### Your goal:
Take the line with "Apartamento 39 m² Nesebar, Bulgaria" and every line after it in the entries below, and set them down exactly, without any pictures.
======== Exercise materials
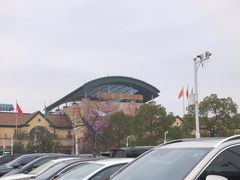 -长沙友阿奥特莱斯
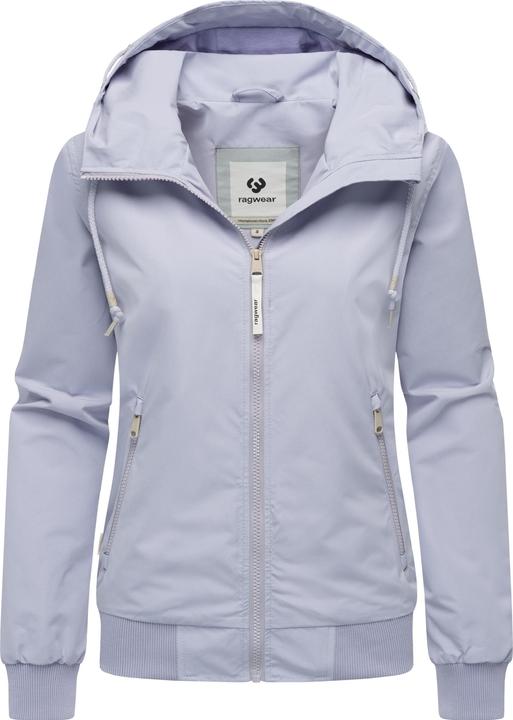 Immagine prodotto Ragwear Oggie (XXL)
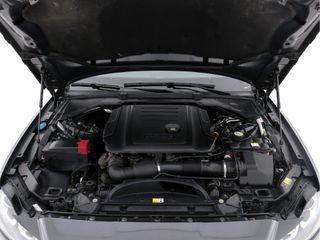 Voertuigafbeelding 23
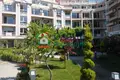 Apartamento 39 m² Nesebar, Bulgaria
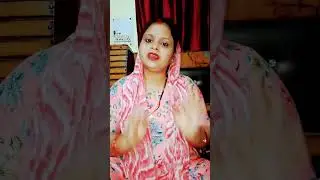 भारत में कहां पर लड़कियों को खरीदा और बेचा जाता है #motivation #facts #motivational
================
### Task answer:
 Apartamento 39 m² Nesebar, Bulgaria
 भारत में कहां पर लड़कियों को खरीदा और बेचा जाता है #motivation #facts #motivational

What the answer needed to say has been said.